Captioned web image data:
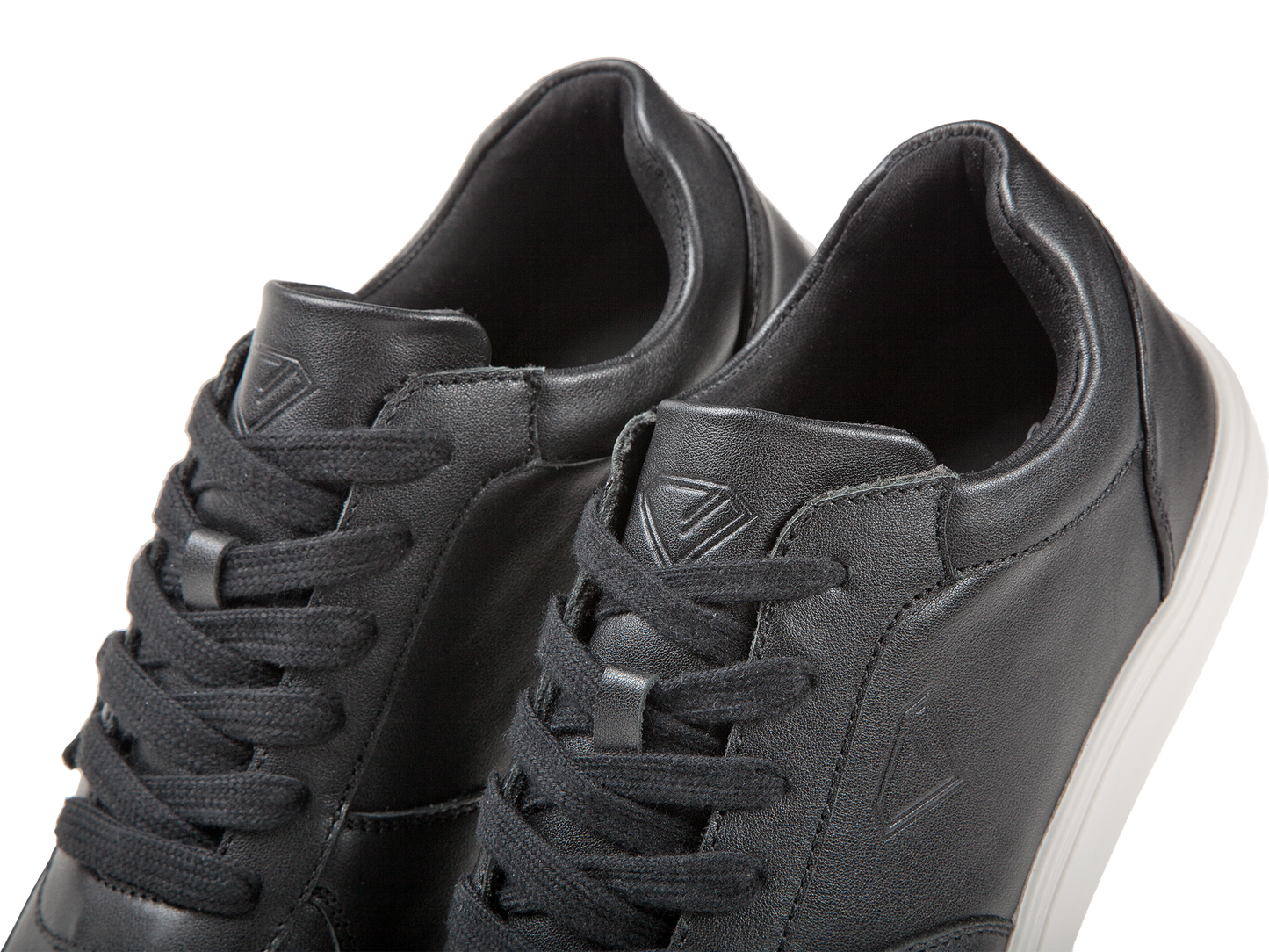 212-502-028 SpinPoint Dance Sneaker Weite G unisex schwarz Nappaleder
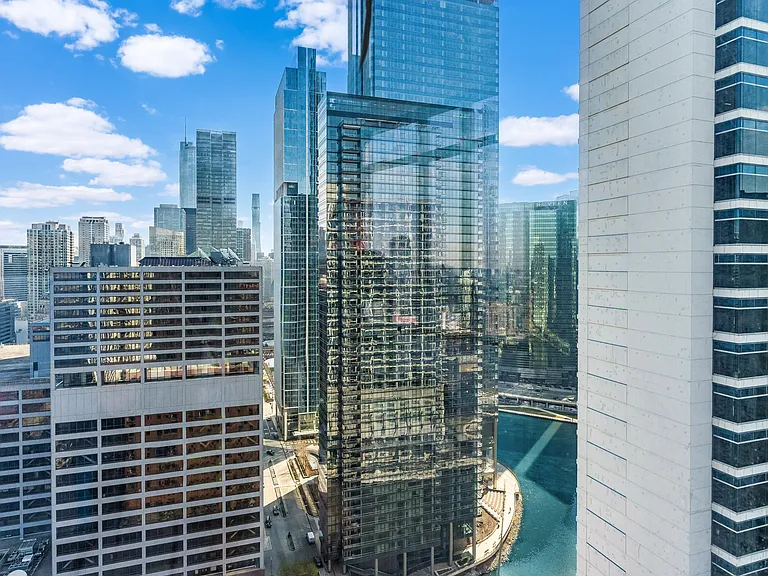East Penthouse View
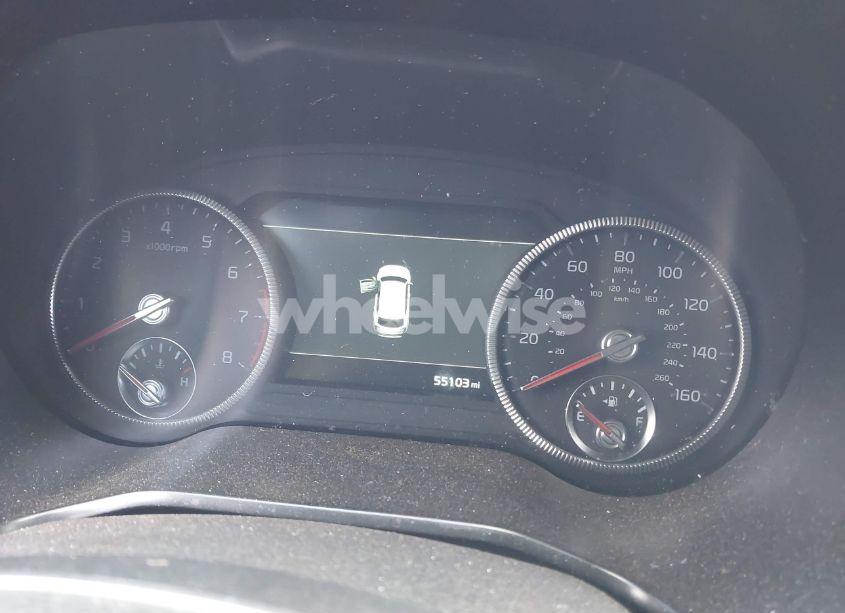 Photo 7 of 2020 Kia Telluride SX (VIN 5XYP5DHC1LG080073)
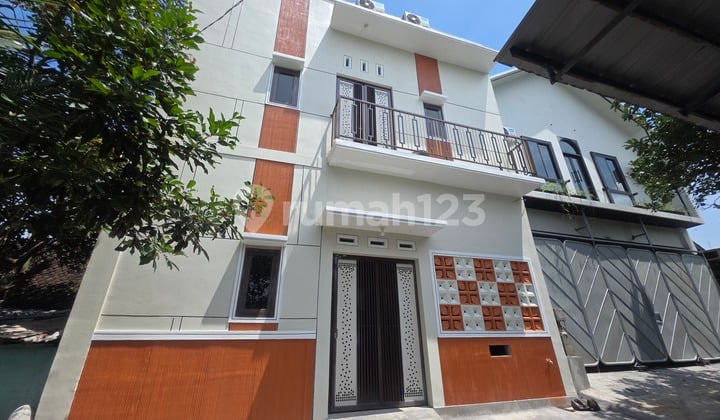 New Full Furnished Dormitory 12 Rooms Campus Area
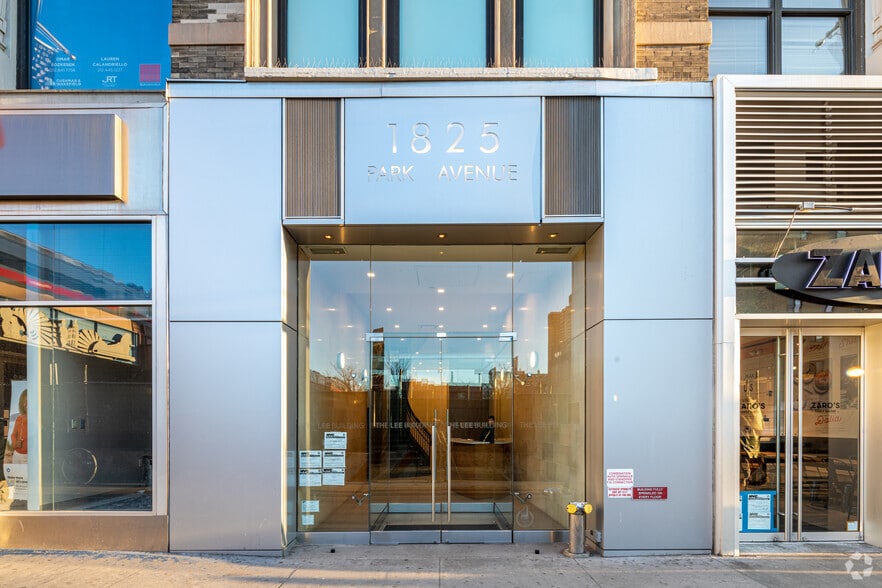 More Photos Of 1825 Park Ave, New York Office For Lease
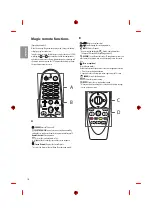 Предварительный просмотр 16 страницы LG 40UH62 Series Safety And Reference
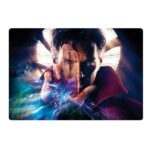 Laptop skin design Dr strang Code 01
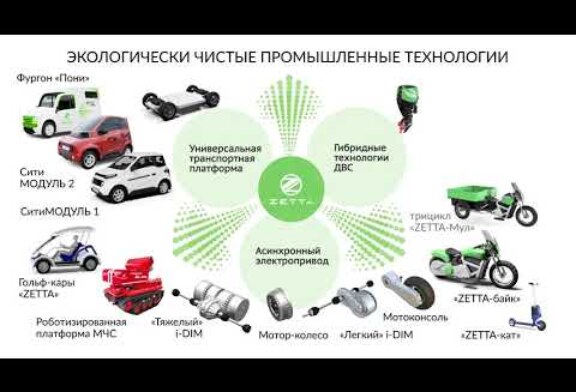 Тольяттинский электромобиль Zetta будут продавать за 550 тысяч рублей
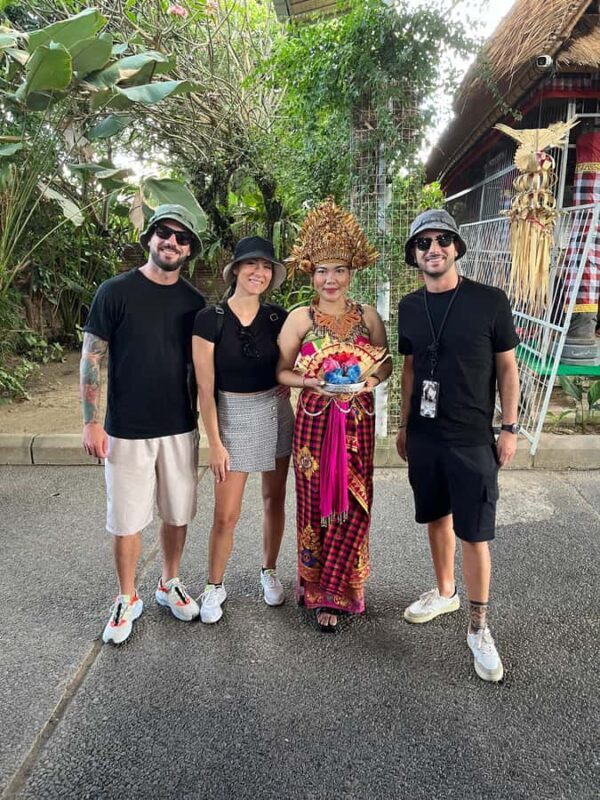 Visit Balinese house, Rice Terrace, and more ticket included - Who Is This Tour Best For?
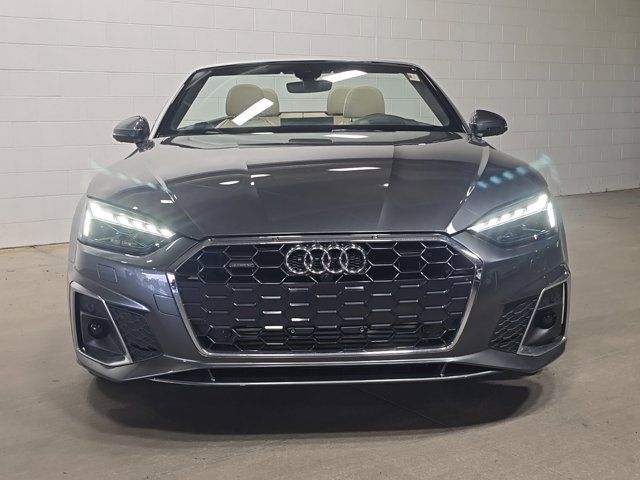 2024 Audi A5 Cabriolet S line Prestige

→ WORK INSTRUCTION
Print the entries again exactly as they appear above. Do not print the pictures.

→ RESULT BELOW
 212-502-028 SpinPoint Dance Sneaker Weite G unisex schwarz Nappaleder
East Penthouse View
 Photo 7 of 2020 Kia Telluride SX (VIN 5XYP5DHC1LG080073)
 New Full Furnished Dormitory 12 Rooms Campus Area
 More Photos Of 1825 Park Ave, New York Office For Lease
 Предварительный просмотр 16 страницы LG 40UH62 Series Safety And Reference
 Laptop skin design Dr strang Code 01
 Тольяттинский электромобиль Zetta будут продавать за 550 тысяч рублей
 Visit Balinese house, Rice Terrace, and more ticket included - Who Is This Tour Best For?
 2024 Audi A5 Cabriolet S line Prestige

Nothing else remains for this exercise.